Nous assurons l’information, nous faisons des plans des défenses allemandes, nous rédigeons des Bulletins sur l’état militaire, moral, économique des Allemands. Enfin nous interrogeons les prisonniers et les déserteurs, et nous protégeons nos malheureux compatriotes contre l’incompréhension et les mépris souvent invraisemblables des chefs français.

L’Alsace n’a pas cessé de souffrir. Tiraillés en tous sens, ruinés, affamés, hébétés, nos pauvres Alsaciens ne savent ce que l’avenir leur réserve et gardent quand même, par miracle, la foi en notre victoire. Nous faisons l’impossible pour les renseigner, les soulager, les expliquer.

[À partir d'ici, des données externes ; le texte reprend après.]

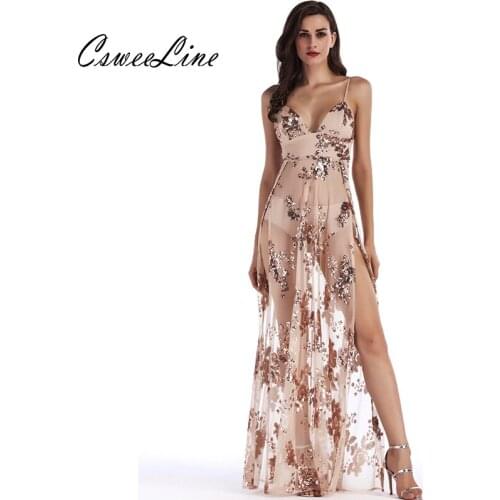 3 Color High Waist Two Split Spaghetti Straps Sequin Long Dress Mesh Double Side Slit Maxi Dresses Women Nightclub Party Dresses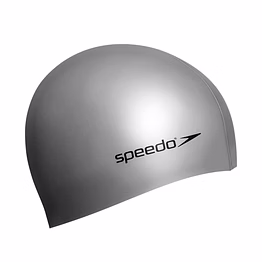 speedo plain flat silicone cap- grey- ages 9+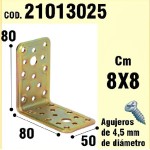 Ângulo de suporte de madeira 50x80x80 mm.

Après mon départ de Strasbourg, de nombreuses perquisitions ont été faites dans toute la maison, puis elle fut saccagée. J’ai subi deux condamnations, comme déserteur et pour haute trahison. Ma fortune, celle de ma femme et de mes filles confisquées. Ma belle-mère et mon beau-frère surveillés. On attend la mort de ma belle-mère pour confisquer l’héritage. Me voici nu comme un ver et réduit à ma solde. Tout cela, bien entendu, m’est indifférent. Je réalise le rêve de toute ma vie : être officier français. Je vis dans le bonheur, parce que je fais exactement la tâche qui me donne le plus de joie.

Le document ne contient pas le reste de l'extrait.